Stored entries
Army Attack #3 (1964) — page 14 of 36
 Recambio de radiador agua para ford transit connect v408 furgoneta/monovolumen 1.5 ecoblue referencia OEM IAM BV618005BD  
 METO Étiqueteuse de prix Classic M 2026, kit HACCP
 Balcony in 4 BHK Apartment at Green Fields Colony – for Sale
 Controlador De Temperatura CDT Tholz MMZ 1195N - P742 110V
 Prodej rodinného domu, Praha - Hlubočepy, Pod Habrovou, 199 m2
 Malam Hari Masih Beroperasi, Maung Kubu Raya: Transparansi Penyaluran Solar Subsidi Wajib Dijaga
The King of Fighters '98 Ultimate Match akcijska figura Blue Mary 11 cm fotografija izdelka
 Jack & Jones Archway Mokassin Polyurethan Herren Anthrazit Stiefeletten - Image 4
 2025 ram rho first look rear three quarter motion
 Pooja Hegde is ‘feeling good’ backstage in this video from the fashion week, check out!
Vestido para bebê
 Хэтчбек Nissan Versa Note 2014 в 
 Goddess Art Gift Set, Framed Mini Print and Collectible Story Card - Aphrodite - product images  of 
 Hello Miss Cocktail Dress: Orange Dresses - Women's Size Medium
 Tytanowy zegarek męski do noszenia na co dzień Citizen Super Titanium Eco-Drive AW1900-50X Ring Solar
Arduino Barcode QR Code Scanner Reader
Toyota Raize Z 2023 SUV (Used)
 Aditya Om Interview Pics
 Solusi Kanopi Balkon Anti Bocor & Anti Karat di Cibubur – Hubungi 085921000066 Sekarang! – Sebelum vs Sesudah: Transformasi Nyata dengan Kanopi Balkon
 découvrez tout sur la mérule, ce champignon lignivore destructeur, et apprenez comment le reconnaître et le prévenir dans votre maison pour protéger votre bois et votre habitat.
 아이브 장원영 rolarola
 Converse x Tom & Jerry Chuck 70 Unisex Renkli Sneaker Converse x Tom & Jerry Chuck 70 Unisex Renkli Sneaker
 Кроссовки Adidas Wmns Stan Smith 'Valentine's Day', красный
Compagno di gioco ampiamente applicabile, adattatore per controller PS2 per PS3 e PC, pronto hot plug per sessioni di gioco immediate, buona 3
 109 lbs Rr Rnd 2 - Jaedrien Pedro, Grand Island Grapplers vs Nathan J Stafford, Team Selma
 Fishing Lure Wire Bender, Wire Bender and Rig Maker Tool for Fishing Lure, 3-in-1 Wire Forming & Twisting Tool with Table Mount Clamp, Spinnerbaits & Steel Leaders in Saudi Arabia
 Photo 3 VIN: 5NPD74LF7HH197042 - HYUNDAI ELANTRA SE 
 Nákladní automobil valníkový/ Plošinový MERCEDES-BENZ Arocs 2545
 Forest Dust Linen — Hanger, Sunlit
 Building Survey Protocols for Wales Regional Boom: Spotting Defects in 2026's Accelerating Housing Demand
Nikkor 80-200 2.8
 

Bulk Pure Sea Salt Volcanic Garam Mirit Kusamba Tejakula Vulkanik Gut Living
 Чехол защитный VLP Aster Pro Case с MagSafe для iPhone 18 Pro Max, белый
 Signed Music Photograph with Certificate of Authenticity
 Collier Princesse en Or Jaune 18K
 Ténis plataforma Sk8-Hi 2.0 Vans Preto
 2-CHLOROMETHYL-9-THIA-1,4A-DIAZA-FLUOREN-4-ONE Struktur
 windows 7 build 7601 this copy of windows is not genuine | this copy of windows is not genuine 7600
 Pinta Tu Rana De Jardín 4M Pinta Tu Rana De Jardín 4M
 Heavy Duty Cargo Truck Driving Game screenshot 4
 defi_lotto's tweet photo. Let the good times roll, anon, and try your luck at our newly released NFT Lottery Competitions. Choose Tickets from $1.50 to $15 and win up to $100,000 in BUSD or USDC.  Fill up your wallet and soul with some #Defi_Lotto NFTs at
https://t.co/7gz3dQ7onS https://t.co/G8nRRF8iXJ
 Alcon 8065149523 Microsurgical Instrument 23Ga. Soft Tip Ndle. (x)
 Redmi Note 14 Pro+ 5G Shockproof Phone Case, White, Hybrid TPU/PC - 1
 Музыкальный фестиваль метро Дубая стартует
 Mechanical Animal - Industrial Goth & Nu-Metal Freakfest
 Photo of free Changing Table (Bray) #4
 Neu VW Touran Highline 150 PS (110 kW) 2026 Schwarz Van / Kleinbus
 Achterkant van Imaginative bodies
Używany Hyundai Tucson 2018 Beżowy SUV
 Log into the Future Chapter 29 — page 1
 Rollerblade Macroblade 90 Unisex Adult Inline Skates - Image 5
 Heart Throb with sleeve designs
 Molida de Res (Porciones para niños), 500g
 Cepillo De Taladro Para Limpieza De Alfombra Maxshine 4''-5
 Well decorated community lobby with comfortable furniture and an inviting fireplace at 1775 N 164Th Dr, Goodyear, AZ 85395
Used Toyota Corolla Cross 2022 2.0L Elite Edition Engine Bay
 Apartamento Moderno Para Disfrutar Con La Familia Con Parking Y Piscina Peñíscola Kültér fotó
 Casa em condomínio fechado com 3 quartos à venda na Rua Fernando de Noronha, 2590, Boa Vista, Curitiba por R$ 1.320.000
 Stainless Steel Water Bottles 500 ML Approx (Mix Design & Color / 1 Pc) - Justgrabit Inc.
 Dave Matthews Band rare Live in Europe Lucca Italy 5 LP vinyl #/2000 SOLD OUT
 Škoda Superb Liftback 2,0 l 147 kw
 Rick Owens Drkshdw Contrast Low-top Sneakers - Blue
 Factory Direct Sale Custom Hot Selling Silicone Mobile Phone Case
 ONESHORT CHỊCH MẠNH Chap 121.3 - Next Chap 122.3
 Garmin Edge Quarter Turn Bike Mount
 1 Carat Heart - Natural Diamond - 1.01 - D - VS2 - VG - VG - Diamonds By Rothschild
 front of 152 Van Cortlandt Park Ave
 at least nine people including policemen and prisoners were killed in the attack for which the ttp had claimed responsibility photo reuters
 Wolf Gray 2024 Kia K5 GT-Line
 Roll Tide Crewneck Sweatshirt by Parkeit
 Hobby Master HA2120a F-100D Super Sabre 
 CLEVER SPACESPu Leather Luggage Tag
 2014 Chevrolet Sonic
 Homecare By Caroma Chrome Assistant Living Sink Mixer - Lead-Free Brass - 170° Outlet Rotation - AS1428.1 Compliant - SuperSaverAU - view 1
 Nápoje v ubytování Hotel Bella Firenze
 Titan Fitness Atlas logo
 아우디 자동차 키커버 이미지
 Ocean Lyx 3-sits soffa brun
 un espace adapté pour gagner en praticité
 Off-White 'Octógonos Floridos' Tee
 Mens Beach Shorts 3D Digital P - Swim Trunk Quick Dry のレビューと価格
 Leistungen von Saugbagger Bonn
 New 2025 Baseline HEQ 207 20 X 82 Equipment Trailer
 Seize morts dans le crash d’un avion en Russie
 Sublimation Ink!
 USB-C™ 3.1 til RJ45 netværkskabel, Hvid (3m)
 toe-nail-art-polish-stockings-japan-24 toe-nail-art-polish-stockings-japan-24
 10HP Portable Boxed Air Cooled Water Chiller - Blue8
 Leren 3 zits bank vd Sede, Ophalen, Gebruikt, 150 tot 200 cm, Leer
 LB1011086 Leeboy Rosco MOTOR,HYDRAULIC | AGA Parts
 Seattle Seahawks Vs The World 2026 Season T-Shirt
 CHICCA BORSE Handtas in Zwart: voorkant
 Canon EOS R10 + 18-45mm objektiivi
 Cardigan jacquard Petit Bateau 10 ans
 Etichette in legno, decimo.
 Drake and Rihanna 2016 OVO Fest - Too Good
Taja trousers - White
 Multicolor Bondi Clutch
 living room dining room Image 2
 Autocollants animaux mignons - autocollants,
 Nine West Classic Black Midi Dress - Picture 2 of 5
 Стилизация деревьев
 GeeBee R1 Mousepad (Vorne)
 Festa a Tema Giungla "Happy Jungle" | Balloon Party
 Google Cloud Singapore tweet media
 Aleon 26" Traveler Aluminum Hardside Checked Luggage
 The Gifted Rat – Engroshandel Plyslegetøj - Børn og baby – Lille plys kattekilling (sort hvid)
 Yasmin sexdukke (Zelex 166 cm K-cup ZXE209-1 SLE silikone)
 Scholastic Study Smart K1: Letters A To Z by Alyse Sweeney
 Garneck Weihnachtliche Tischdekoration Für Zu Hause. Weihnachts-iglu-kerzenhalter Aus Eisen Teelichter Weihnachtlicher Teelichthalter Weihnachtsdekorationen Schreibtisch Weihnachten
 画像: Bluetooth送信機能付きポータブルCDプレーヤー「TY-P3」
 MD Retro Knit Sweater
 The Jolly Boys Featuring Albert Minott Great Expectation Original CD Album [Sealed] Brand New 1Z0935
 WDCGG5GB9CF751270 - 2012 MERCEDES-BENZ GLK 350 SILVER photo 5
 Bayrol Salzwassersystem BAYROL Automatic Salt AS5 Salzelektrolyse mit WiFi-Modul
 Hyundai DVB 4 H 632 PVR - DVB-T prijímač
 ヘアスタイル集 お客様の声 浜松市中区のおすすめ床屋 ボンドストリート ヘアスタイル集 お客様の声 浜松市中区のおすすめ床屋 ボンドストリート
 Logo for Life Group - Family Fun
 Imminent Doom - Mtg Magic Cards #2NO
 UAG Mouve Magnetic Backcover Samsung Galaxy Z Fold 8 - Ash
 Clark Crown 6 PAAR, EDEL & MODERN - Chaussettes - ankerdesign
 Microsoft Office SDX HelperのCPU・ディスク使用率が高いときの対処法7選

### ABOUT THIS TASK
Among the lines above, which contain the word "Water"? Copy every one.

### ANSWER AREA
 Stainless Steel Water Bottles 500 ML Approx (Mix Design & Color / 1 Pc) - Justgrabit Inc.
 10HP Portable Boxed Air Cooled Water Chiller - Blue8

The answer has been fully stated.